The Senate also voted to remove a regulation that protects the northern long-eared bat, which has become endangered due to white-nose syndrome. The disease is caused by a fungus that affects the species when it is hibernating in winter. It represents for mammals among the most lethal of illnesses, reducing bat numbers by 97 percent in some areas. 
Every Republican, plus Sen. Joe Manchin (D-W.Va.) and Sen. Angus King (I-Maine), supported the first resolution.  Republicans also voted unanimously for the second resolution and were joined again by Manchin, as well as Sen. Amy Klobuchar (D-Minn.).
The resolutions will now be considered in the House of Representatives. President Joe Biden said he will veto the resolutions if they are passed in the House. 
In response to the vote on the first resolution, the White House issued a statement saying, “The designation of critical habitat, which only directly affects federal agency actions and federally funded or permitted activities, is essential to avoiding the destruction or degradation of habitat that threatened and endangered species need to survive and recover.”
On the second resolution, the White House said it would weaken “America’s proud wildlife conservation traditions” and places the northern long-eared bat at the peril of becoming extinct.

Seeking a Balance

The Senate votes on the endangered species protections represent, and are part of, a long struggle to strike a balance between protecting and conserving wildlife and natural spaces without unduly hampering economic growth and prosperity. 
Then there is the claim of Sen. Markwayne Mullin (R-Okla.) who sponsored the resolution that the Senate passed to dismiss special protection of the northern long-eared bat. Mullin took the position that measures should be taken to protect the bat, and that the Biden administration policy wasn’t even doing the bat much good but did stifle needed economic development.
Sen. Markwayne Mullin (R-Okla.) speaks during a news conference on Capitol Hill on Sept. 16, 2020. (Alex Brandon/AP Photo)
Sen. Markwayne Mullin (R-Okla.) speaks during a news conference on Capitol Hill on Sept. 16, 2020. (Alex Brandon/AP Photo)

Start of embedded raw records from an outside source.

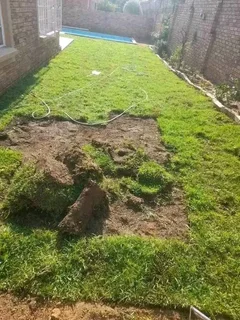 Roll on lawn cyndon grass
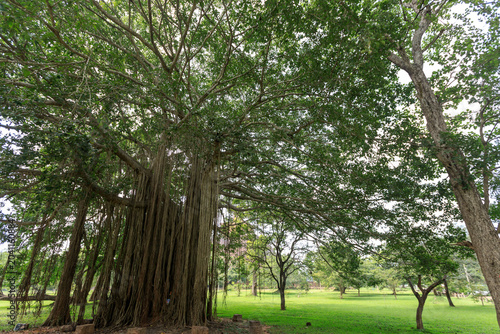 Photography Parco nelle rovine di anuradhapura in Sri LAnka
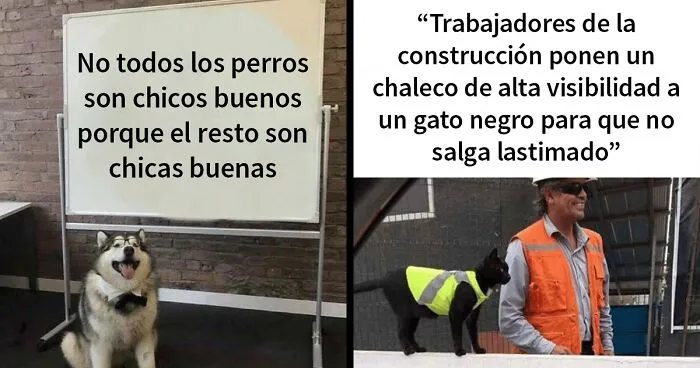 20 Memes y publicaciones reconfortantes que nos recuerdan que el mundo no es del todo malo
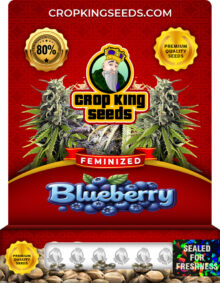 Blueberry Strain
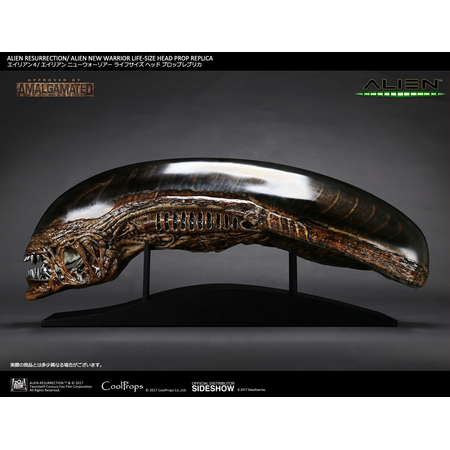 Alien New Warrior tête échelle 1:1 (grandeur nature) CoolProps 903158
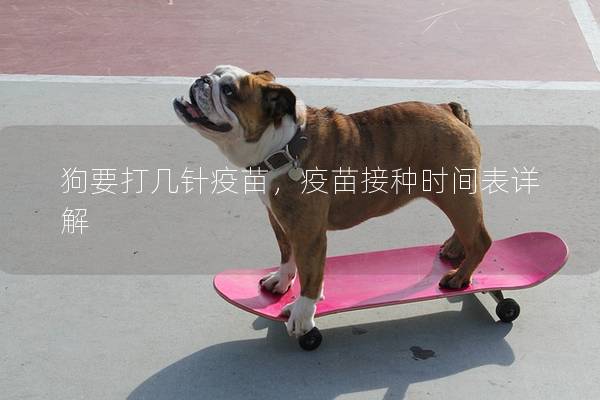 狗要打几针疫苗，疫苗接种时间表详解
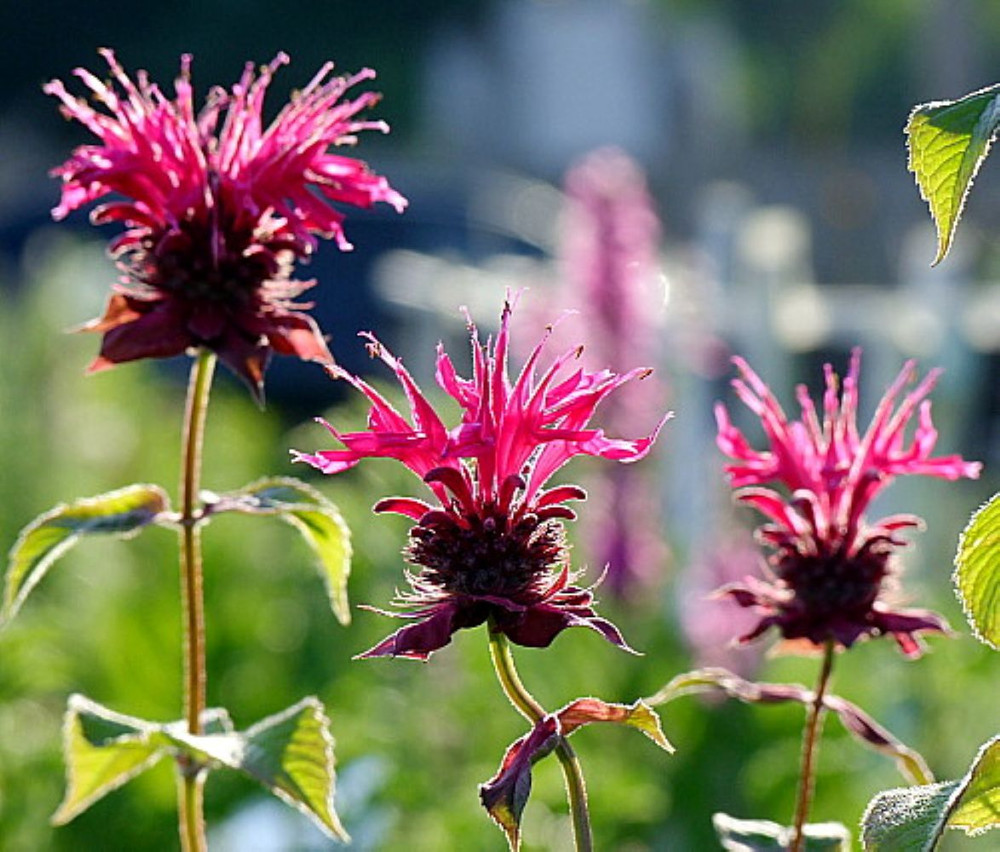 Raspberry Wine Bee Balm - Monarda - Bright Red & Pink - Live Plant - Quart Pot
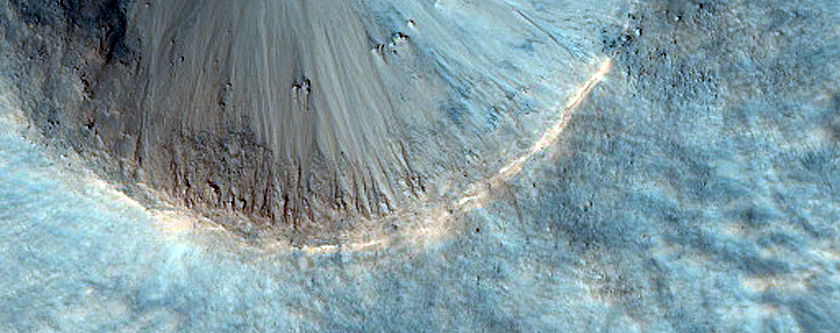 Equatorial Gullies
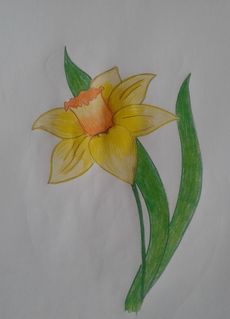 рисунок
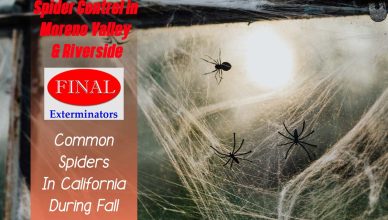 Common Spiders in California During Fall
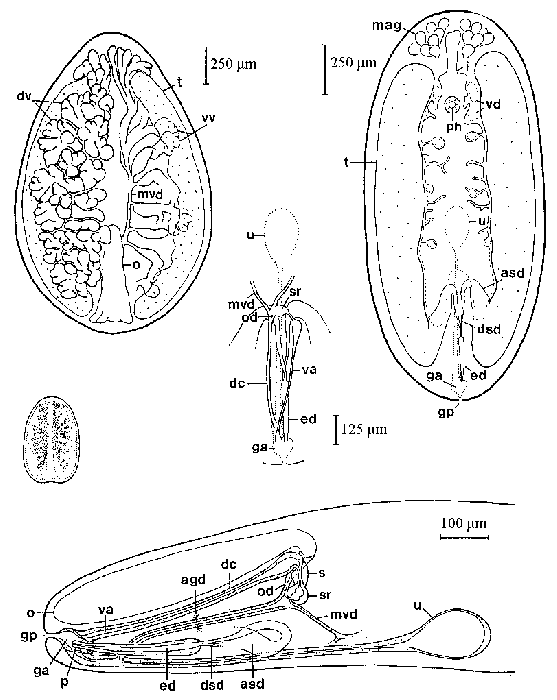 Anoplodium hymanae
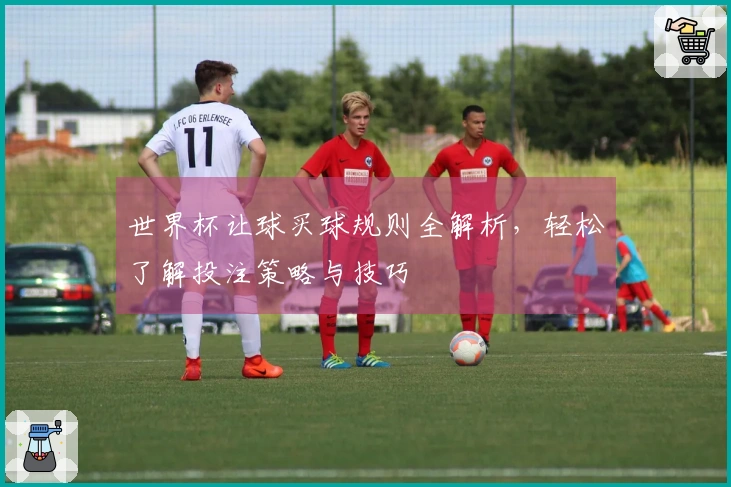 世界杯让球买球规则全解析，轻松了解投注策略与技巧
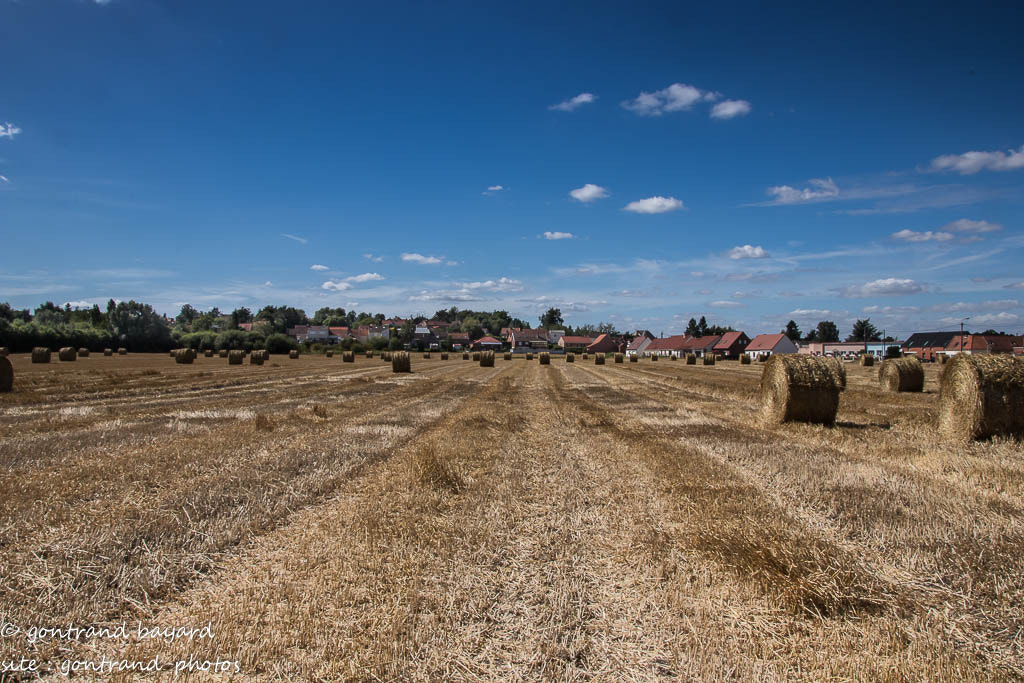 Sigma 18-250mm F3.5-6.3 DC OS HSM sample photo. () photography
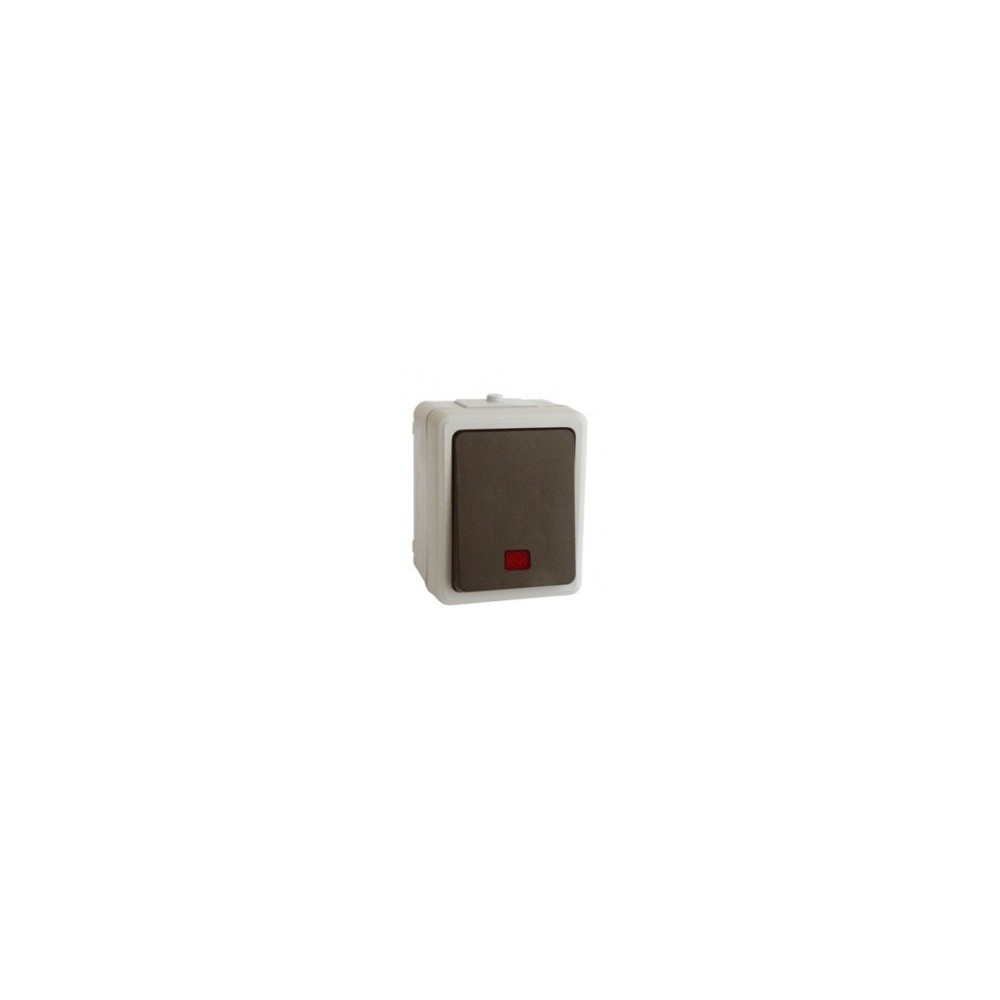 PULSADOR LUMINOSO 250V 10A. PULSADOR LUMINOSO 250V 10A.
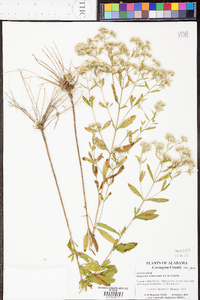 Eupatorium semiserratum image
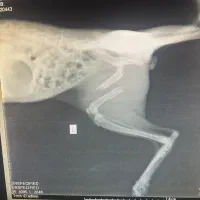 سلام یه گربه نر ۶‌ماهه پاش شکسته و الان عمل شده|گربه|اندیشه, اندیشه فاز ۲|دیوار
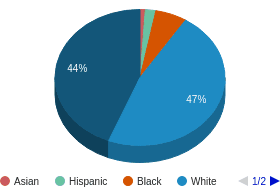 IN All Ethnic Groups Ethnicity Breakdown IN All Ethnic Groups Ethnicity Breakdown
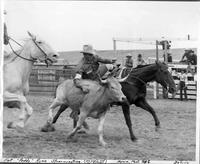 Pat "Paddy" Ryan Steer wrestling (50 years old in October) Havre, Mont., 1946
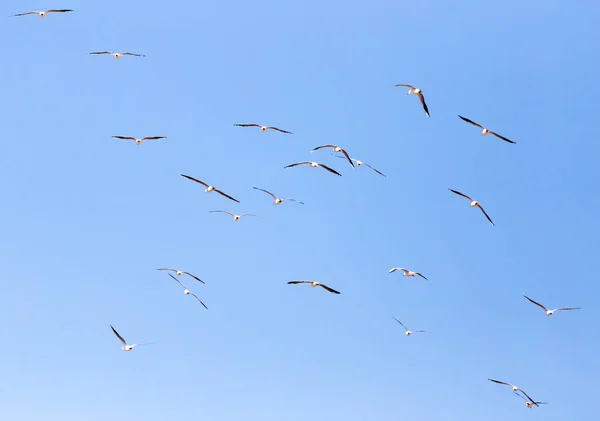 Flock Måsar Flygning Parken Naturen — Stockfoto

In November 2022, when Mullin introduced the resolution, he referred to an argument that the regulation he opposed increased the total area of wooded lands that could not be developed so as to make them available for bats during the summer, when they roost in the crevices and under the bark of trees. Yet, those who agree with Mullin point out that the bats are not wanting for warm-weather habitat. They get sick in the winter, when they are hibernating in caves, not in the summer, when they reside in the woods and forest. 
“This decision will have serious consequences for ongoing infrastructure projects across the state,” said Mullin in a statement he released when he introduced the resolution. “There is no reason to disproportionately increase regulatory burden and hinder economic development when this rule will not affect the primary cause of decline for the northern long-eared bat. 
“I am strongly against one-size-fits-all regulation from Washington bureaucrats, and this is no different. We must stop this reclassification and ensure our state and other impacted states can continue efforts to protect this species without the heavy hand of the federal government getting in their way.”